Take the lines below between the one holding "Young man is" and the one holding "Hand holding a", inclusive, and copy them exactly. Add nothing.

------------

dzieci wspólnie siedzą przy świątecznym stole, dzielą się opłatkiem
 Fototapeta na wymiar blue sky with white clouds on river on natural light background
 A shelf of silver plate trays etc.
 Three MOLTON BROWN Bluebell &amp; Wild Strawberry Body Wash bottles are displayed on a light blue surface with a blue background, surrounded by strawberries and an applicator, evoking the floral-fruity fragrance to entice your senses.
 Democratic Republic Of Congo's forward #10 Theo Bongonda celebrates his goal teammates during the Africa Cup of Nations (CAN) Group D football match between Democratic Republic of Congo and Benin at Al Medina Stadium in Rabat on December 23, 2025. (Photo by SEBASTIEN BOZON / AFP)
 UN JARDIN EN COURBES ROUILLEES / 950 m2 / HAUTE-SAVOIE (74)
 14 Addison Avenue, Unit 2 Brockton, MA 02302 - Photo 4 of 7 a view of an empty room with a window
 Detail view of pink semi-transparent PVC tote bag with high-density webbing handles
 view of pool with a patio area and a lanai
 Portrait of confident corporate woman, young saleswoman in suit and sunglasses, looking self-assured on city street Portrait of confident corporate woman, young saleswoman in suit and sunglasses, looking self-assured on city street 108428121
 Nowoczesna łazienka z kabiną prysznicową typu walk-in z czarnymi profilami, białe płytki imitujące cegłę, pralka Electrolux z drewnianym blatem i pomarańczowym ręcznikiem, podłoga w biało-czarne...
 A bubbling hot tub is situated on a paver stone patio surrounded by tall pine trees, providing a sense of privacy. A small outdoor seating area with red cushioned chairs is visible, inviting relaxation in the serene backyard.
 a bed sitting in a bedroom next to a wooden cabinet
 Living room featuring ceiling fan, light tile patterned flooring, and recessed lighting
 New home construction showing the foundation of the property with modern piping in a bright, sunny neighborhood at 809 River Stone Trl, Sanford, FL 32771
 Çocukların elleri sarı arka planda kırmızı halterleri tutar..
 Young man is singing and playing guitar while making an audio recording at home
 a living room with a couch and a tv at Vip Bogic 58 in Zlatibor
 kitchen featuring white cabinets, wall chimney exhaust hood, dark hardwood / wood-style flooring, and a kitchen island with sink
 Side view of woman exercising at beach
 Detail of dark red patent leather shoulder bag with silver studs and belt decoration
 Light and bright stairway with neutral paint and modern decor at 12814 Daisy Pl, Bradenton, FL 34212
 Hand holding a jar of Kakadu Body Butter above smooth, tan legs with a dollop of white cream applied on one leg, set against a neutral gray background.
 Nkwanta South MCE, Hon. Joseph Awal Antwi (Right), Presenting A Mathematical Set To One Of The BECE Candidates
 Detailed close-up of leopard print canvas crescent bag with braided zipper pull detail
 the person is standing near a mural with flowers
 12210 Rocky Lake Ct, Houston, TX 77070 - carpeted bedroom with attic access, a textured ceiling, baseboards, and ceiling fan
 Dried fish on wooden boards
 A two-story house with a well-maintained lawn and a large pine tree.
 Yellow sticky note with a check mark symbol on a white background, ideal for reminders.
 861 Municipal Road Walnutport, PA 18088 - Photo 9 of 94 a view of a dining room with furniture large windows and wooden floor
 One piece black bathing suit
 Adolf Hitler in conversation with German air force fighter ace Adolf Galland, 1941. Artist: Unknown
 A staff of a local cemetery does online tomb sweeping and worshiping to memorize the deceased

------------

=== WRITTEN RESPONSE ===
 Young man is singing and playing guitar while making an audio recording at home
 a living room with a couch and a tv at Vip Bogic 58 in Zlatibor
 kitchen featuring white cabinets, wall chimney exhaust hood, dark hardwood / wood-style flooring, and a kitchen island with sink
 Side view of woman exercising at beach
 Detail of dark red patent leather shoulder bag with silver studs and belt decoration
 Light and bright stairway with neutral paint and modern decor at 12814 Daisy Pl, Bradenton, FL 34212
 Hand holding a jar of Kakadu Body Butter above smooth, tan legs with a dollop of white cream applied on one leg, set against a neutral gray background.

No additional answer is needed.